All of which may make you think about seeking out a silver horde for yourself. The chances of finding one by accident are slim but the opportunities to buy one in London are superb.
There is probably nothing that the English have done so well and for so long as the making of superb examples of the art of silver-smithing. By common consent the English have been the masters of this art for centuries. Within walking distance of the Ritz Hotel, in salerooms, specialist dealers' shops and in antique markets you'll find everything from Tudor apostle spoons (c.1500) to the art deco masterpieces of the 1930s.
The English have been 'good' at silver for several reasons. Firstly their growing empire in Tudor times gave them access to the raw material (though they were happy to steal it from the Spaniards if there wasn't enough!). Secondly, they benefited from hundreds of skilled Protestant silversmiths who fled from persecution in Europe and became refugees here. They were known as 'easterlings' because they came from the east and gave us the word 'sterling' as a result.
Thirdly, from the 14th Century onwards there has been a consistent system of assaying (hall-marking) silver items so that the marks not only identify the maker, the date, the town where it was assayed, but the quality of the silver itself was controlled. Furthermore, because England has never been invaded since 1066 AD, vast quantities of silver and all other antiquities have remained undisturbed in Britain.
Apart from the fact that so much silver is so attractive in itself and so interesting because its history and provenance is stamped on it, investing in silver has proved to be profitable for a long time. Provided that one always buys the best of what is available, the value of silver items has outstripped inflation by a very long way and looks likely to carry on doing so.
The choice for collectors is huge. From just a few pounds to several thousand pounds there are items to suit all pockets and all tastes: spoons, bowls, candlesticks, decanter labels, coffee pots, salvers and swizzle-sticks all exist in bewildering and glittering profusion. Without too much difficulty you'll even find dressing sets to match the ones recently found in The Ritz.
And where should you go to find them? Well, there's always great pleasure to be found in street markets such as Portobello Road on Saturday mornings or the Caledonian Road. In addition to these there are innumerable antique shops all over the West End of London. But my advice to those who are looking for the best (though by no means necessarily the most expensive) is to start by visiting the London Silver Vaults in Chancery Lane just to see silver in all its forms and to get an idea of what's available.
Better still, perhaps, is to visit the great specialist dealers. Spink & Sons in King Street, SW1, and Tessier in New Bond Street are both delightful and fascinating places. Here you will find helpful and courteous experts who will be delighted not only to show some of the very best early English silver, but also to offer sound and reliable judgment.

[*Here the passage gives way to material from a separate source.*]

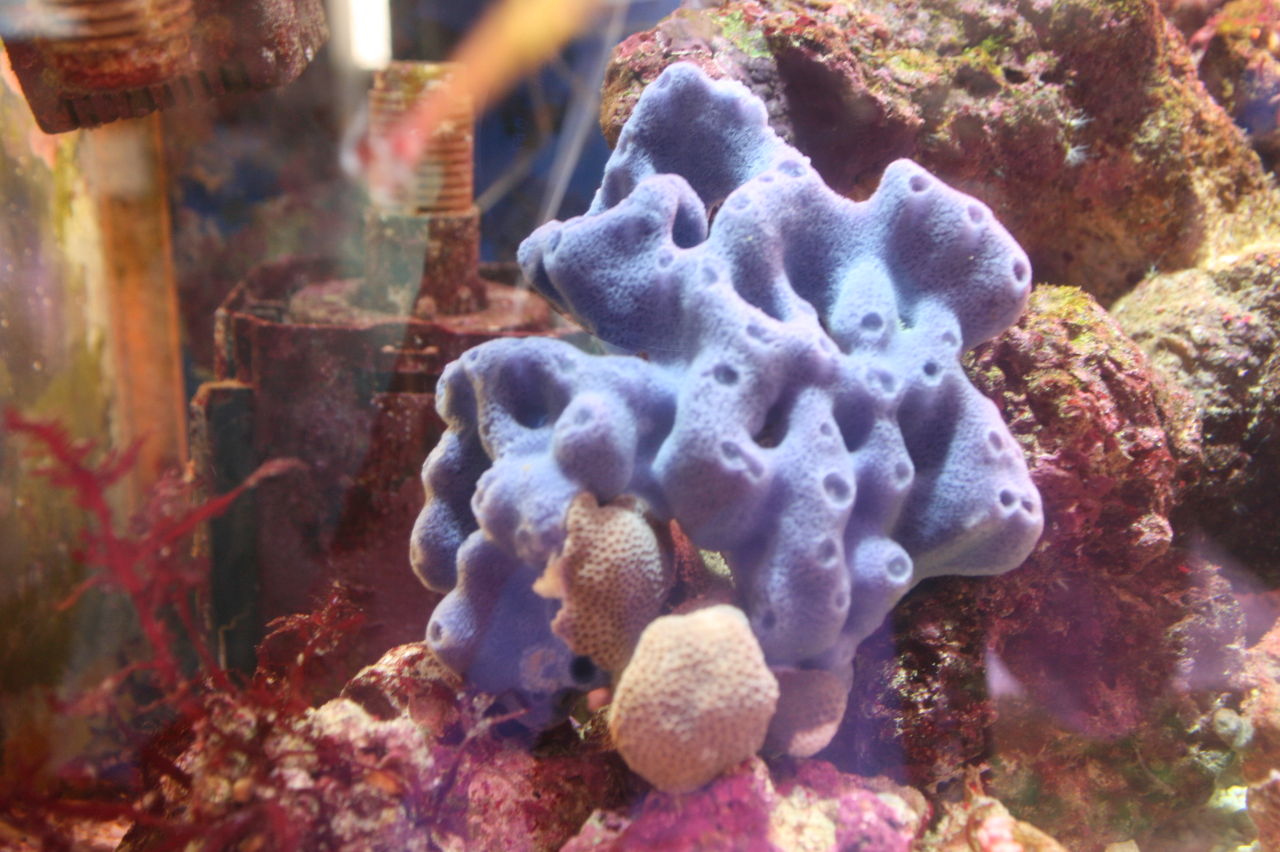 ② 海水魚 ハタゴイソギンチャク おまけでペルクラクラウン2匹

For the best modern silver you could no better than to visit the companies that César Ritz preferred. Mappin & Webb have branches in Regent Street and Brompton Road while the Goldsmiths & Silversmiths Company are also in Regent Street along with Garrard & Co who are jewellers to the Queen.
By and large there are very few fakes in circulation although one should be more wary of small items of old silver like snuff-spoons, caddy-spoons and vinaigrettes.
In the end, however, silver collecting is best done with two maxims in mind. Buy what you really like and always buy the best. All things being equal you will then get great pleasure from something that quietly makes a nonsense of inflation.
Written for a predominently North American, tourist readership.